One of the first things you are going to find out about me is that I am Chilean. I tell everyone, all the time. I have almost become more Chilean now that I no longer live there, but it is probably because the distance allows me to analyse Chile in a more objective way.
It was living here in the UK when I first heard about Patricio Guzmán, a Chilean
documentary filmmaker. A Chilean friend who also lives in the UK mentioned him in passing and told me all about his work. It was interesting to me, as he appeared to deal with the two biggest issues in Chile, the second one being the Coup d’état.
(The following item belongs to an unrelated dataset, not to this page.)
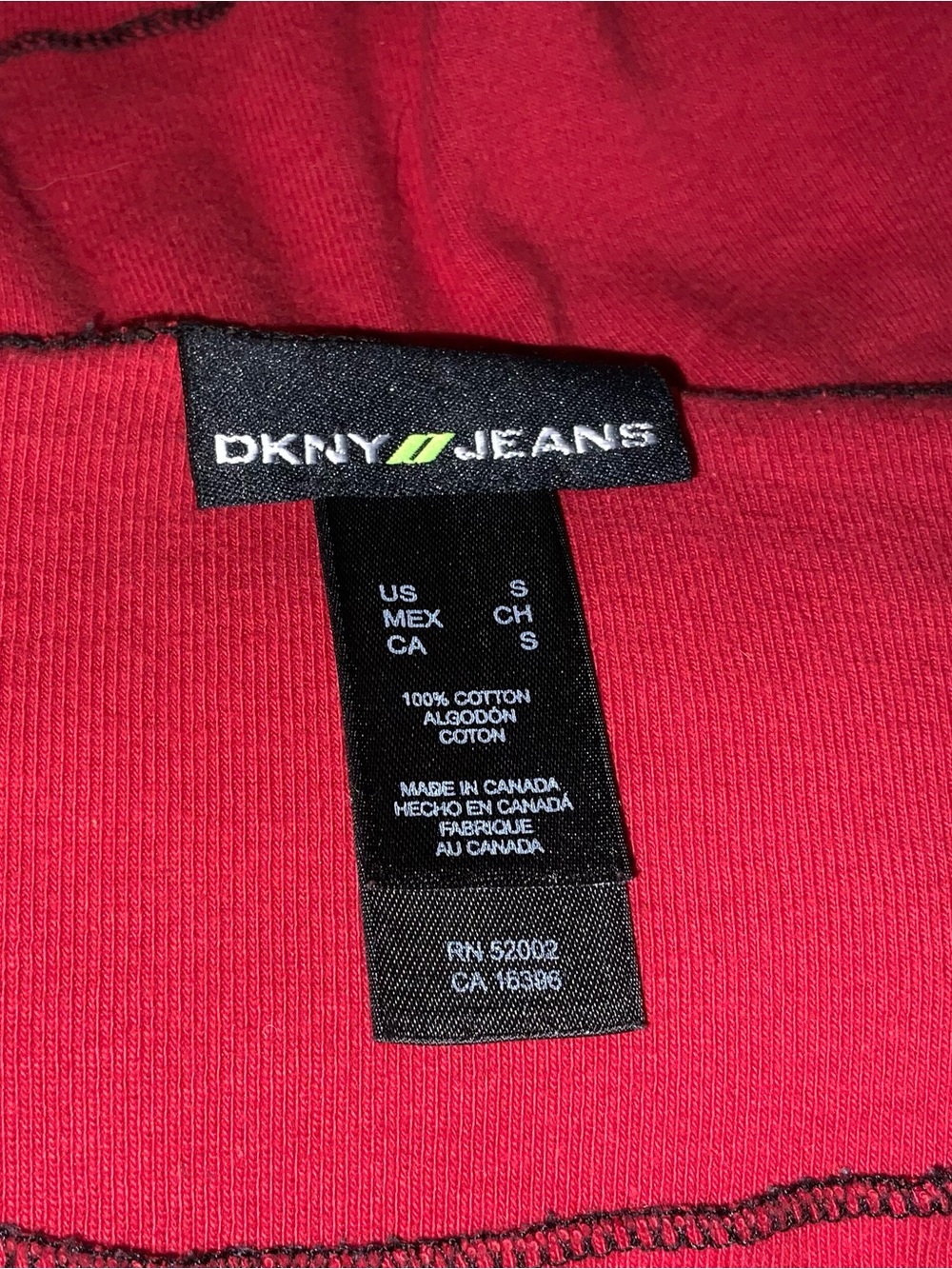 Vintage DKNY Jeans Y2K Red NYC Graphic T-Shirt Top S Cotton Made in Canada Fitte - Picture 9 of 11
Shortly after being exposed to Guzmán’s work, I was asked by my tutors at the Manchester School of Art to introduce Nostalgia for the Light to the rest of the filmmaking students. Life is full of coincidences like that. I was happy to do it, but as I was speaking about it in front of everyone I realised how textbook -like my knowledge was. And I grew up there!
I was born in ’89, the beginning of a new era in Chile. My working class family struggled as most working class families did, but they were very fortunate to never have experienced the horrors of the Pinochet‘s military government directly. The ’88 plebiscite changed Chile forever. Pinochet was no longer in power, but the damage was already done as Chile continued to be divided, politically and culturally, going beyond social status. This is Chile’s number one problem.
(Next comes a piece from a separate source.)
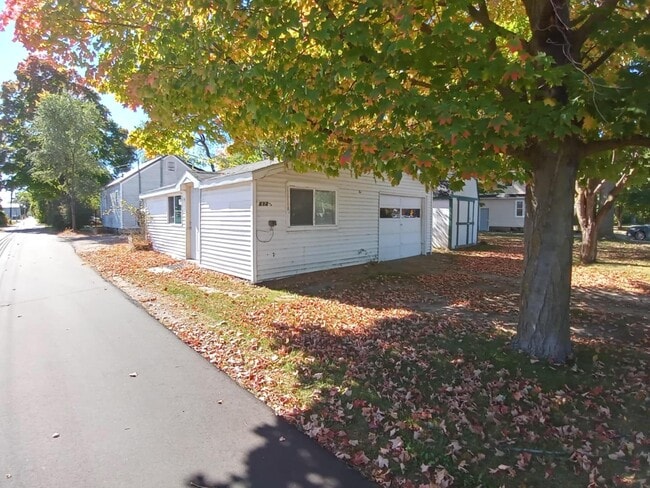 Photo - 612 N Arnold St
Patricio Guzmán’s approach to these issues is perhaps the best way to approach them. His documentaries are tackled in a rather poetic way, making them very effective as it proves the problems trascend politics. It should not be a case of whether you are conservative or liberal, rich or poor, educated or ignorant or whether your family was affected directly by the derranged military government or not. It is an issue that concerns everyone and should be accessible to everyone. This is why Patricio’s work is important. The human approach to these horrors trascend everything else. His works are a testament to the power of film.
Nobody talked about politics in my family and we only needed to know the basics: democracy is good, tyranny is bad and money is a necessity. These are the ingredients for conformity, forcing yourself to play the game even if you don’t like the rules. Patricio Guzmán has taught me more than just facts and has revealed more than buried secrets, he has made me care about the division that tears our country apart everyday, politically and socially.
Recently, Home organised a preview screening for The Pearl Button, followed by a Q&A with the man himself. This is where I was able to ask him if we could ever fix this problem of estrangement in Chile and his answer put my worries to rest. We must work hard to dig up the truth. The memories that had been hidden from us, away from reality. Only memory can unite a country. The goal is to move forward by remembering the past.
As an external project, we will be submitting a short film for CineSpace. I am using Guzmán’s approach to documentary to explore the spiritual drive behind space exploration and how it it uses science as a tool for emotional discovery. We are hoping to use resources such as poetic imagery, thought-provoking voice-overs and minimalistic soundtrack.
I will be blogging about that project soon.